▶ **ABOUT THIS TASK**
Please give the entries again in full and exactly, without any picture.

● ● ●

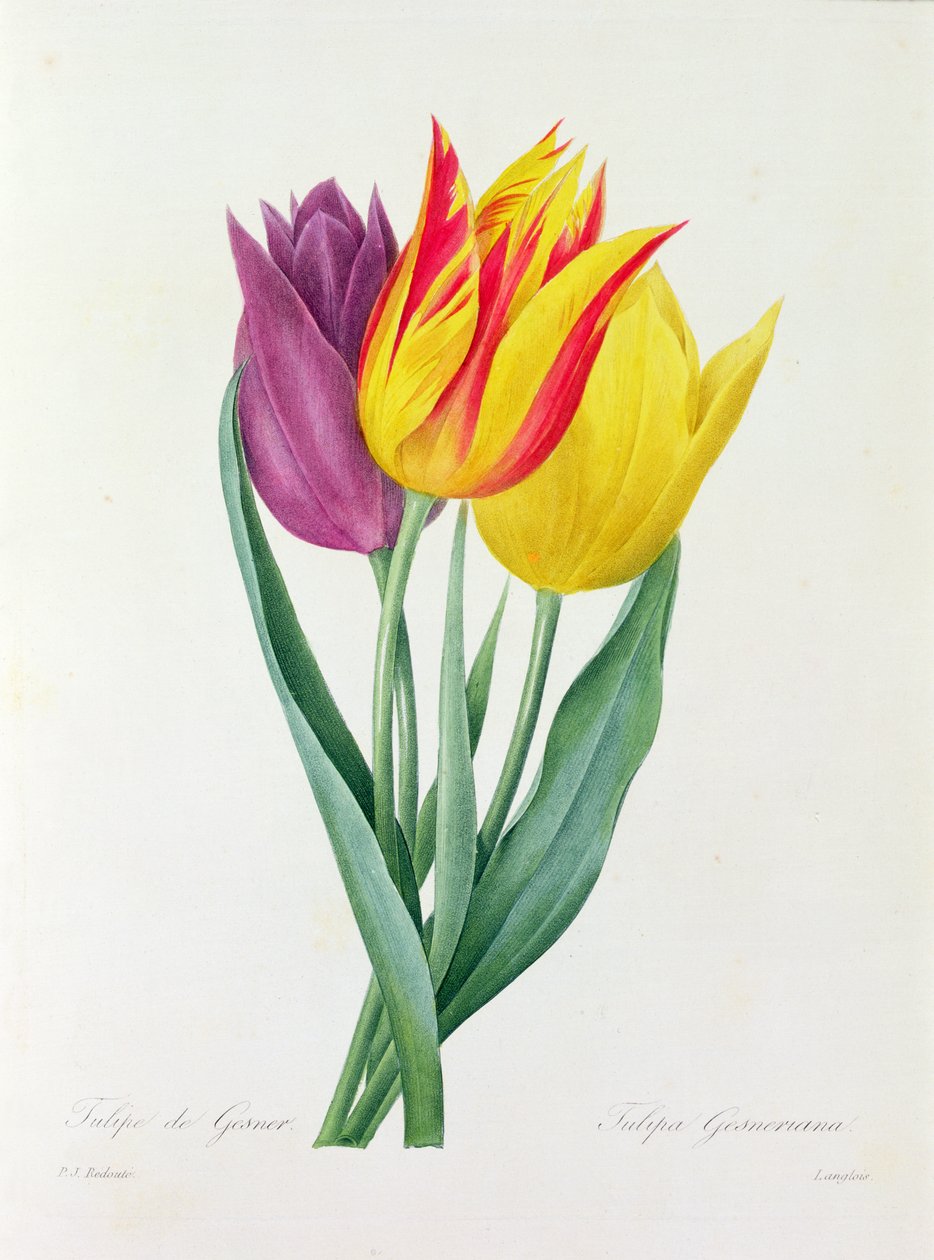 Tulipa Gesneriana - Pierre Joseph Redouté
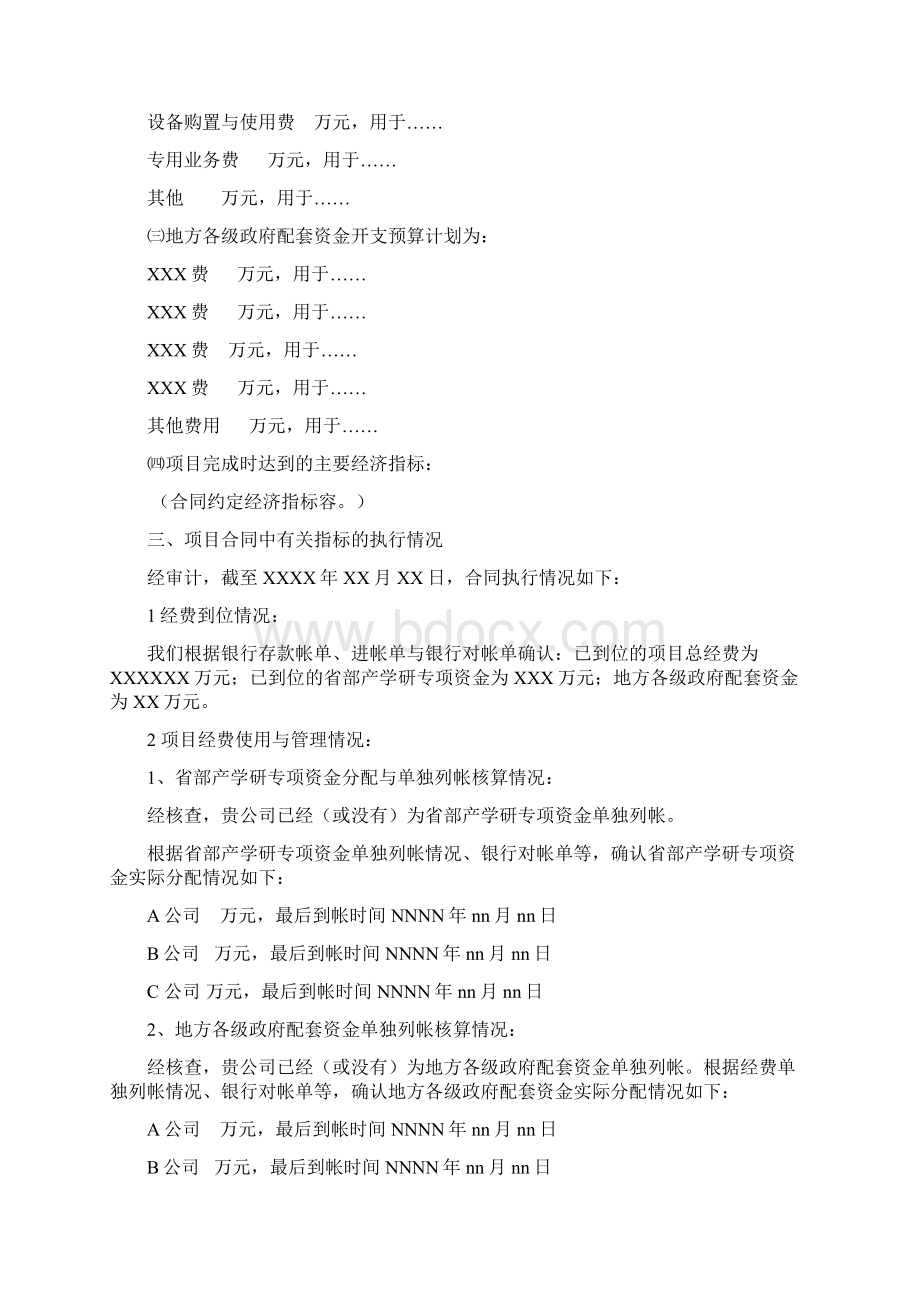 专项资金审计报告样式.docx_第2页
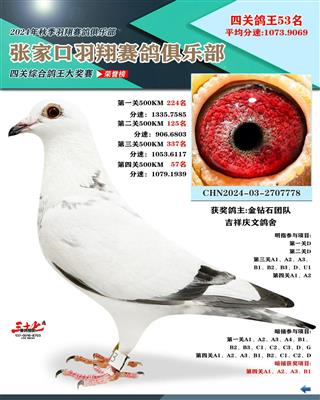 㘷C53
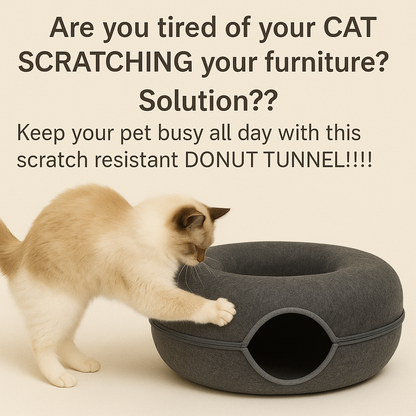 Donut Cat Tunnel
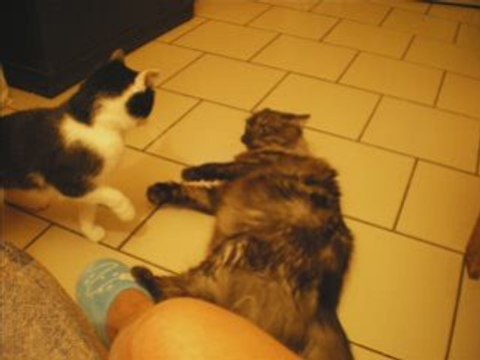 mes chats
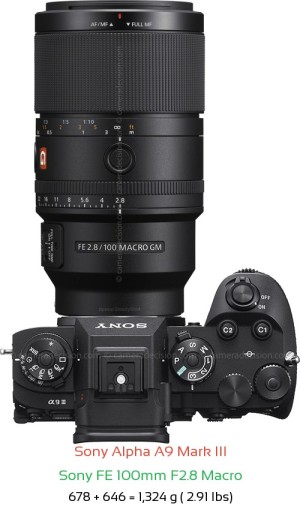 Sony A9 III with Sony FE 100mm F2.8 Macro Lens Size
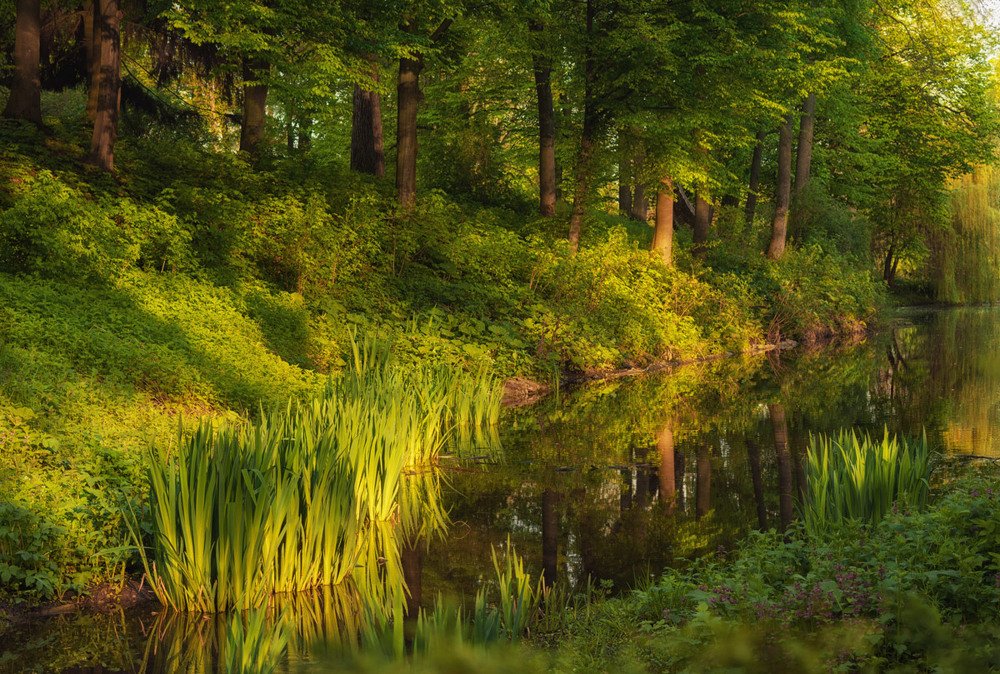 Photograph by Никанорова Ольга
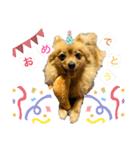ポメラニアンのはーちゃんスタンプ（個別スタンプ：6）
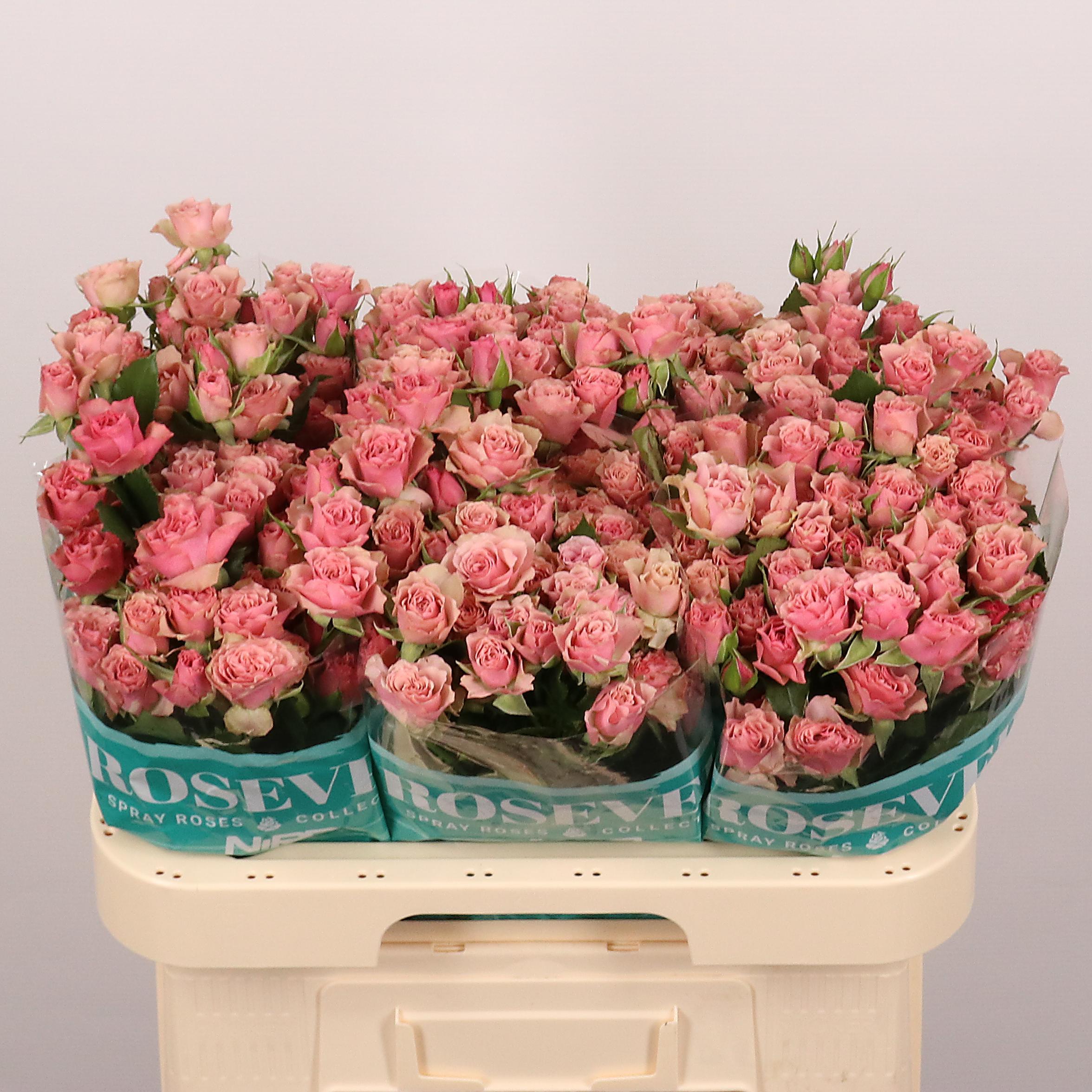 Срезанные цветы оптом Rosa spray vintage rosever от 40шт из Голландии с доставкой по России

● ● ●

▶ **RESULT OF THE EXERCISE**
 Tulipa Gesneriana - Pierre Joseph Redouté
 专项资金审计报告样式.docx_第2页
 㘷C53
 Donut Cat Tunnel
 mes chats
 Sony A9 III with Sony FE 100mm F2.8 Macro Lens Size
 Photograph by Никанорова Ольга
ポメラニアンのはーちゃんスタンプ（個別スタンプ：6）
 Срезанные цветы оптом Rosa spray vintage rosever от 40шт из Голландии с доставкой по России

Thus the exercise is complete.